[ASSIGNMENT] From the line with "Fiat Ducato 2,2" to the line with "Year 6 Trip to Nissan", output every line below exactly, both ends included. Skip the pictures.

[TASK MATERIAL]
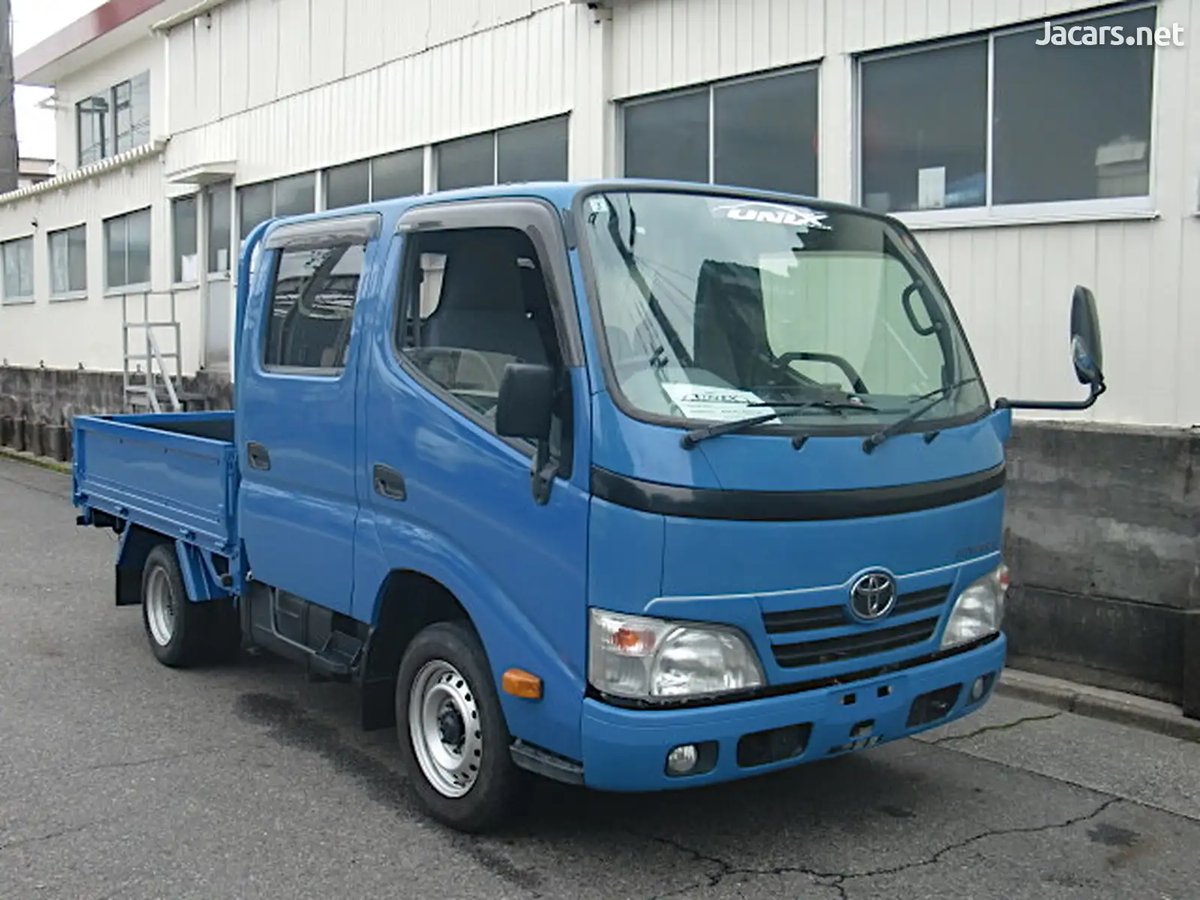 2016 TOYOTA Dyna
--
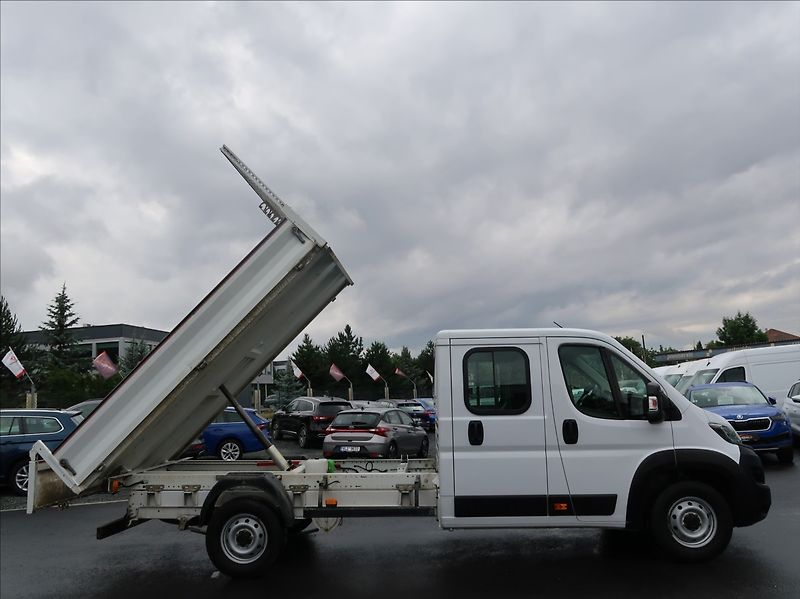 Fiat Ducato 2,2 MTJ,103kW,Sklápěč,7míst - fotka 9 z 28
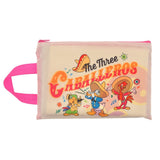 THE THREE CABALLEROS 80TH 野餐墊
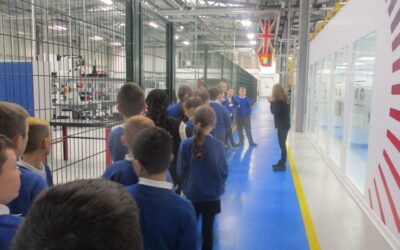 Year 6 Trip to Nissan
* * *
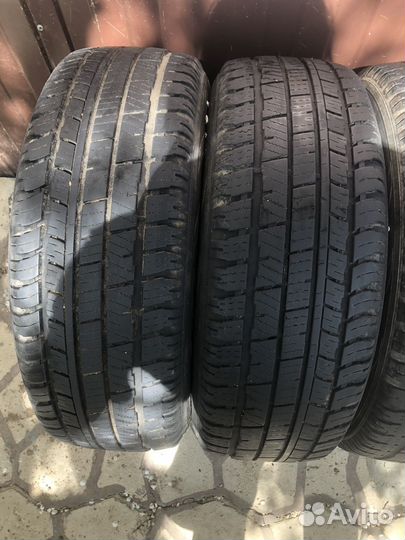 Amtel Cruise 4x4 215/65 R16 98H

[TASK SOLUTION]
 Fiat Ducato 2,2 MTJ,103kW,Sklápěč,7míst - fotka 9 z 28
 THE THREE CABALLEROS 80TH 野餐墊
 Year 6 Trip to Nissan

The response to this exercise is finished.